We here reported on more than 23 years of post-mortality mangrove recovery in the 1280-km2 Ciénaga Grande de Santa Marta (CGSM), Colombia. CGSM is one of the world’s most productive tropical wetlands and the one that has possibly experienced the largest mangrove mortality on record. We used hydroclimatic, pore and surface water salinity and mangrove basal area data collected from 1993 to 2015 to study the cause and effect of salinity changes on mangrove recovery in five stations. Annual mangrove basal area growth was found to decrease with increasing pore water salinity in three of the five monitoring stations, indicating that decreased salinity improves mangrove recovery.

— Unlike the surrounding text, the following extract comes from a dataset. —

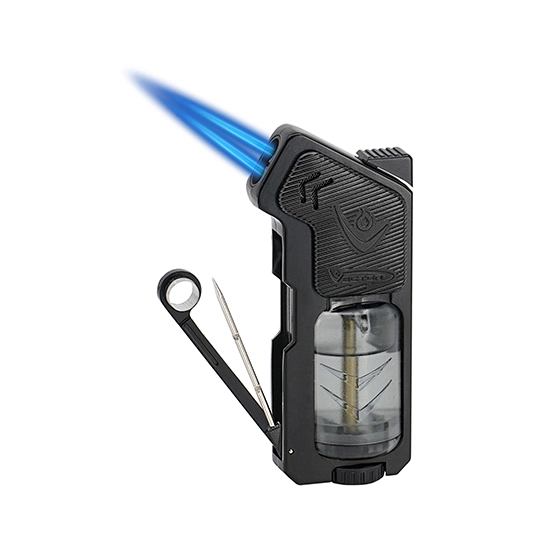 Vector Shadow Double Jet Flame Cigar Lighter – Clear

Until 2015, the mangrove ecosystems in CGSM are in general terms in a path of recovery after the massive mortality episodes occurring between 1960 and 1994. From the period 1993–1998 to 1999–2015, basal area increased in all the monitored stations and both pore water and surface water salinity decreased significantly in all but one station. In the wet season, El Niño/Southern Oscillation explained most of the inter-annual variability of surface water salinity by regulating freshwater input through the two main tributary rivers and local precipitation. In the dry season, El Niño/Southern Oscillation appears to control salinity by regulating potential evaporation in the wetland as seen by the relation between potential evapotranspiration and salinity in most stations. However, hydroclimatic variables alone could not explain observed salinity decrease in two stations. Up to date, local authorities have dredged more than 5.9 × 106 m3 of sediment to increase freshwater input into CGSM. Persistent channel reopening appeared to be the cause for the largest salinity decreases and mangrove recovery, whereas lack of persistent dredging slowed recovery in other areas. As such, the recovery of mangrove populations in the CGSM is due to a combined effect of favorable hydroclimatic conditions and effectivity of the dredging operations to increase freshwater inputs into the wetland.